English Amiga Board


Go Back   English Amiga Board > Coders > Coders. Asm / Hardware

 
 
Thread Tools
Old 04 June 2019, 05:26   #81
Bruce Abbott
Registered User

Bruce Abbott's Avatar
 
Join Date: Mar 2018
Location: Hastings, New Zealand
Posts: 180
Quote:
Originally Posted by meynaf View Post
Anyway this is not a very realistic example. This kind of construct usually does not execute the nops it contains, otherwise it would just slow it down - and people who write such horrors are concerned with speed.
I found another example today - in AmigaBASIC!

This construct actually does execute the nop, as a substitute for 'short branch to the next address' (which is invalid). It's true that the code could be a tiny bit faster without it, but compilers rarely produce code that can't be improved.

Quote:
Perhaps your disassembler should not assume anything at all (mine doesn't).
If you want a simple rule to follow there, never ever emit a cnop directive with a disassembler. You can, however, emit the nop or dc.w 0 with a comment if it looks suspicious.
My disassembler provides the option of emitting cnops, but only when producing source for Devpac because other assemblers can't be trusted to use it correctly. It never changes nop to cnop, but does try to determine when the nop is executable code (since that may change the interpretation of code before and after it).

Quote:
Using opcodes eating another opcode is unsafe IMO - and a pain to disassemble later, like all that SAS/C generated code which uses CMPI.W #i,D0 as short branch skipping a word.
I agree. Getting the disassembler to handle these cases automatically was a pain.

Compilers can get away with doing do this kind of stuff because they don't have to produce code that a human can understand, so any trick that makes it smaller or faster is OK. Compiler writers think they are so smart for saving a few bytes or cycles with such twisted constructs, then blow it all by inserting cnops where they aren't needed!
Bruce Abbott is offline  
Old 04 June 2019, 07:42   #82
meynaf
son of 68k
meynaf's Avatar
 
Join Date: Nov 2007
Location: Lyon / France
Age: 46
Posts: 3,474
Quote:
Originally Posted by Bruce Abbott View Post
I found another example today - in AmigaBASIC!

This construct actually does execute the nop, as a substitute for 'short branch to the next address' (which is invalid).
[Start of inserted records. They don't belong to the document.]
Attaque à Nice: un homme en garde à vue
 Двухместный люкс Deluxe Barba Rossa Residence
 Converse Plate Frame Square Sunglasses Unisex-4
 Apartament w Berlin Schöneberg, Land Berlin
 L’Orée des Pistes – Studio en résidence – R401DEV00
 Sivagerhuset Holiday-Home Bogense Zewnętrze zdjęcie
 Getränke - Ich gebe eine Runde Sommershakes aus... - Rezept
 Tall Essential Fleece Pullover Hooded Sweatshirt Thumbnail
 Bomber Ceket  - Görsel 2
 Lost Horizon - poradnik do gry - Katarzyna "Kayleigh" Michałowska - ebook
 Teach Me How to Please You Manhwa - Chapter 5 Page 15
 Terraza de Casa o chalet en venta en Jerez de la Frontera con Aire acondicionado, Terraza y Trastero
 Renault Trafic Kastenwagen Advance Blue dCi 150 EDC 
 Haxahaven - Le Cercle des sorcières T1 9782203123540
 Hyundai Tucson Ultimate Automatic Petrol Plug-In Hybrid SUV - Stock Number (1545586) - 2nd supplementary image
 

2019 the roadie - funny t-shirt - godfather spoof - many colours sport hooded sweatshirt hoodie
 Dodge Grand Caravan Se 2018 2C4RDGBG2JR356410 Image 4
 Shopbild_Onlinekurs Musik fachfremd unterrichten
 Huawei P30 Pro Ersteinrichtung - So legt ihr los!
It's true that the code could be a tiny bit faster without it, but compilers rarely produce code that can't be improved.
Right, compilers can produce lots of horrors.

But is the nop really important at the end ?
A disassembler can not differenciate code from data in all cases. What can you do if there is a JSR directly followed by data to be used by the called routine ? These require human interpretation. So must cnops, end of story.


Quote:
Originally Posted by Bruce Abbott View Post
Compilers can get away with doing do this kind of stuff because they don't have to produce code that a human can understand, so any trick that makes it smaller or faster is OK. Compiler writers think they are so smart for saving a few bytes or cycles with such twisted constructs, then blow it all by inserting cnops where they aren't needed!
The funniest example i've seen was code where all routines were supposed to be longword aligned but ended up never aligned at all because the linker did not respect that...
meynaf is offline  
Old 05 June 2019, 05:47   #83
Bruce Abbott
Registered User

Bruce Abbott's Avatar
 
Join Date: Mar 2018
Location: Hastings, New Zealand
Posts: 180
Quote:
Originally Posted by meynaf View Post
A disassembler can not differenciate code from data in all cases.
True, but it can try. The better it does, the less human intervention is required.

Quote:
But is the nop really important at the end ?
The nop is used as the 'branch' for the highest case value. You could remove it and the code would (probably) still work, because it would then jump directly into the code for that case. However if you switched the nop for a dc.w 0 it would be fatal because dc.w 0 equates to ori.b #x,d0 which is a 2 word instruction. The only way to guarantee that the reassembled code is accurate is to leave the nop in, otherwise it's impossible to verify (file compare would show a difference for every byte past the missing nop).

Quote:
What can you do if there is a JSR directly followed by data to be used by the called routine ? These require human interpretation. So must cnops, end of story.
It's not quite the end of the story, because compilers are somewhat predictable. If the disassembler can recognize a particular compiler's code then it may be able to handle such cases. For example, Hisoft BASIC does a JSR followed by a string which is difficult to interpret correctly, but the offset is unique so once it has been identified the rest is easy (much easier than trying to fix up the disassembly manually).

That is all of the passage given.